Hundreds of protesters on both sides of the abortion rights issue clogged the entrance of the Rhode Island State House in Providence, as they waited silently to get inside and out of the cold. They waited to testify in front of the State House Judiciary Committee to discuss passing a set of bills on to the House floor for voting. These bills would codify in Rhode Island state law the protections of women’s reproductive health afforded by the 1973 Supreme Court Decision of Roe v. Wade.

Inside, however, the atmosphere changed. The once peaceful protesters are chanting back and forth across the aisle. “They are selling dead baby parts on the black market! Educate yourself!” A pro-lifer yells into my face. This is the spirit of democracy. The ability to speak your beliefs, regardless of volume.

None of the few pro-choice protesters at the entrance were as loud as the pro-lifers. The pro-lifers simply monopolized that space, they got their early and got the best real estate.

The pro-choicers seemed content to simply wait for a pro-choice witness to testify, then they talk and laugh, much to the chagrin of the pro-lifers trying to listen. This is democracy in action.

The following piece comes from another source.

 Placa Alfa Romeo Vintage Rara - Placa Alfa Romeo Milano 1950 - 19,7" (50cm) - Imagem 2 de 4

URI sophomore, Capri Catanzara has gone through this before. She has testified many times before on behalf of HB H-5127, also known as the Reproductive Health Care Act.

“We must ensure that motherhood is a conscious choice,” Catanzara says, she went on to make the case that “Carrying a pregnancy to term and raising a child is a financial strain on women,” she adds, “[it is] nothing short of a financial nightmare.”

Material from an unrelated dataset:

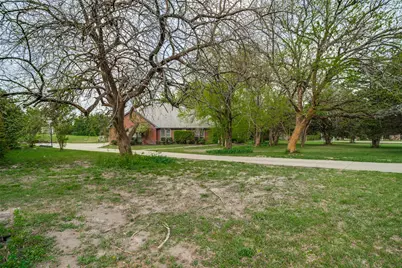 305 Cedar Hill Circle, Lowry Crossing, TX 75407 - Photo 5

Catanzara put me in touch with Caroline Morgan, a volunteer lobbyist for the Womxn Project. The website describes the organization as “ A non-profit organization in Rhode Island focused on building a strong, feminist, community-based movement to further human rights of Rhode Islanders by using art and activism to advance education and social change.”

“I believe a woman should have body autonomy and should make those decisions for herself, it don’t make a damn bit of difference what anybody else thinks,” Morgan said. “If I want an abortion I’m gonna get one.”

But to some it’s not a question of women’s freedom, “it’s an issue of abuse of women.” I spoke with John Lucas, a pro-life protester. “[Women] suffer for the rest of their lives after abortions,” Lucas says, speaking with a sense of authority on the issue that only a person literally incapable of experiencing an abortion can have.

Several women did come forward to testify that having an abortion in their younger years did ruin their lives. But more came out about how getting an abortion saved their lives. Or their friends’ lives. Or even how illegal abortions, before the passing of “Roe V. Wade” could be lethal. The only thing that made them safer was their legalization.

One witness testified with a story of a woman, “I support The Reproductive Health Care Act because there was once a fourteen-year-old girl, who after being taken to an uninhabited island in the bay, was raped,” she said, “[she] threw herself against a sharp-cornered table, over and over for days, until bruises appeared on her abdomen and she felt sick. She didn’t want to be pregnant.”

She did not choose to have sex with this man, she was raped, she didn’t make a stupid choice. Yet, because safe legal abortions didn’t exist, she still had to live with the consequences.